OPHcrack isn't really an accurate measure as to what would be required to do this as you are likely using a rainbow table and attacking the LM hash. Try bruteforcing an NTLM hash using a CPU-based utility and you'll quickly see what I'm talking about. NTLM CPU bruteforcing typically generates <20 million passwords/sec whereas my 5770 generates 1.6 billion passwords/sec. An 8 character small/digit password takes about 20 minutes to bruteforce. That's why I use a 21 character small/capital/digit/special windows password, >10000 years

Salted, SHA-1 Oracle and mySQL passwords cut that speed by 2/3 and an 8 character small/digit password takes about an hour to crack on my GPU. That's assuming you know the salt. I don't know of any CPU or GPU-based hashing tools that can bruteforce a salted password in a fully automated fashion if the salt isn't known.
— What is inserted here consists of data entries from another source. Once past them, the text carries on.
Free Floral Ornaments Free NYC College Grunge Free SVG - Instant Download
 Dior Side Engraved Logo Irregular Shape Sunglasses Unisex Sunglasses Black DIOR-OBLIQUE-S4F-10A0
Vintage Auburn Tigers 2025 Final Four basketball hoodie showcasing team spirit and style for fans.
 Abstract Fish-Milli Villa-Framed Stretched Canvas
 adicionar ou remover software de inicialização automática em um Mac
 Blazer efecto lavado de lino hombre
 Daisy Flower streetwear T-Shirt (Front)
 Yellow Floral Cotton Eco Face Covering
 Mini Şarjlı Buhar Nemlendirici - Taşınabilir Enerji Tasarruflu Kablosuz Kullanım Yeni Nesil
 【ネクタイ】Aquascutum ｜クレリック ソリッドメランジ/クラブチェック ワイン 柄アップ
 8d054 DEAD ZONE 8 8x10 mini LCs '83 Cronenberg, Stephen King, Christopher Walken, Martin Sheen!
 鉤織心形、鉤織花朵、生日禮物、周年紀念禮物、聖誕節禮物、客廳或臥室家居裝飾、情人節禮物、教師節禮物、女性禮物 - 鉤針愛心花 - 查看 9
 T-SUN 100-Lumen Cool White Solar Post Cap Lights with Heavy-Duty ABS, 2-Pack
Without the salt, the crack program can only attack the "outer" MD5/SHA-1 hash which means no password it generates a hash for will match the overall hash being bruteforced. Most forums tack on a 5 character small/cap/digit/special random salt on every user which means if you don't know the salt you'll have to generate hashes for the full range of characters at a length of 5 digits longer than the password itself.
TLDR: If the passwords were salted they can't use a rainbow table and it'll take an impractically long time to crack each one individually.